◆ TO DO: Omitting all pictures, print the lines of the listing from the one containing "Glossy Ibis" through the final line, both ends included, with no other text.

◆ PROVIDED MATERIAL:
*** Block opens ***
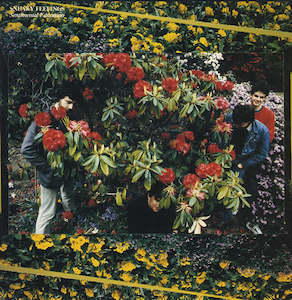 Sneaky Feelings: Sneaky Feelings - Sentimental Education (SECONDHAND)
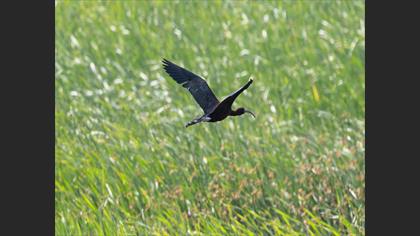 Glossy Ibis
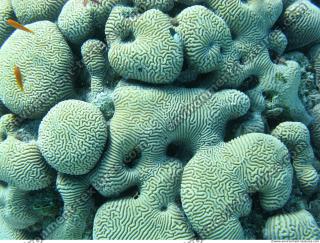 Brain coral Diploria cerebriformis 8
*** Block closes ***
◆ RESULT OF THE EXERCISE:
 Glossy Ibis
 Brain coral Diploria cerebriformis 8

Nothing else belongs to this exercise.